=== TASK MATERIAL ===
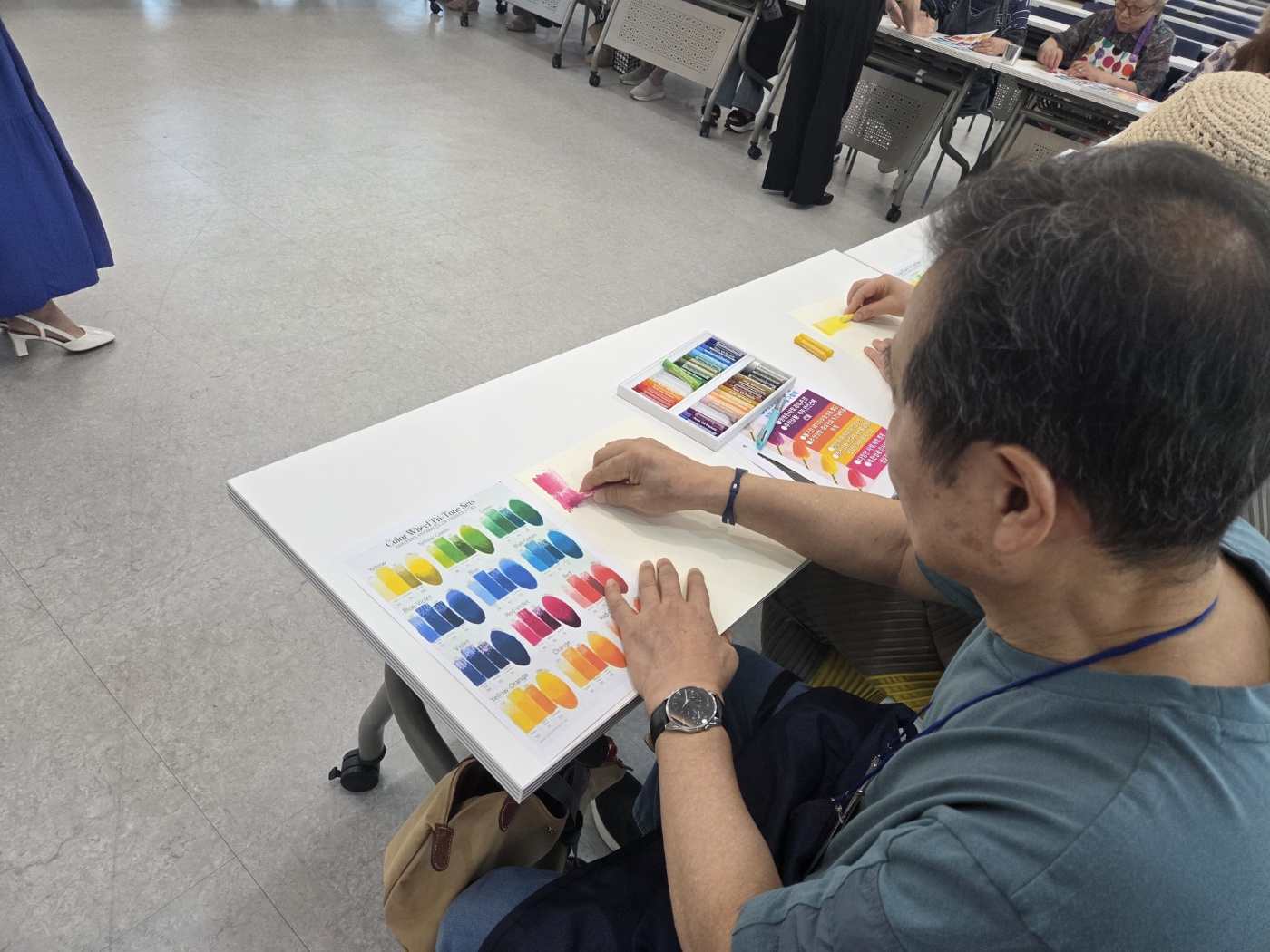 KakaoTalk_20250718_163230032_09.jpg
===
=== TASK MATERIAL ===
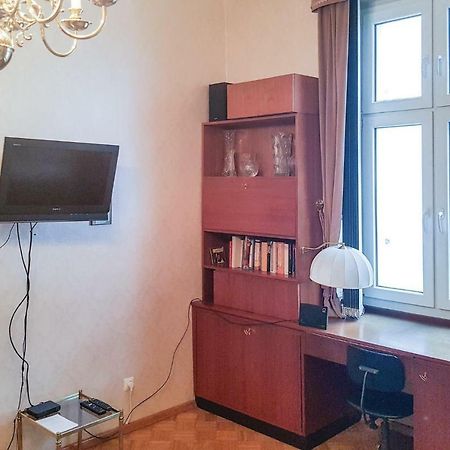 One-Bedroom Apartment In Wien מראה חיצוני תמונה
===
=== TASK MATERIAL ===
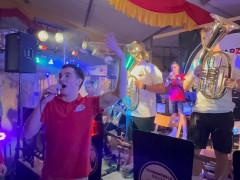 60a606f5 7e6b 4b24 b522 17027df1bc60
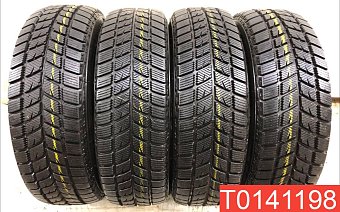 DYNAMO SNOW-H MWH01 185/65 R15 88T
===
## ACTIVITY:
In the material above, the stretch from the line with "60a606f5 7e6b 4b24 b522 17027df1bc60" through the line with "DYNAMO SNOW-H MWH01 185/65 R15 88T" is to be given again exactly, minus the pictures.

## RESULT:
 60a606f5 7e6b 4b24 b522 17027df1bc60
 DYNAMO SNOW-H MWH01 185/65 R15 88T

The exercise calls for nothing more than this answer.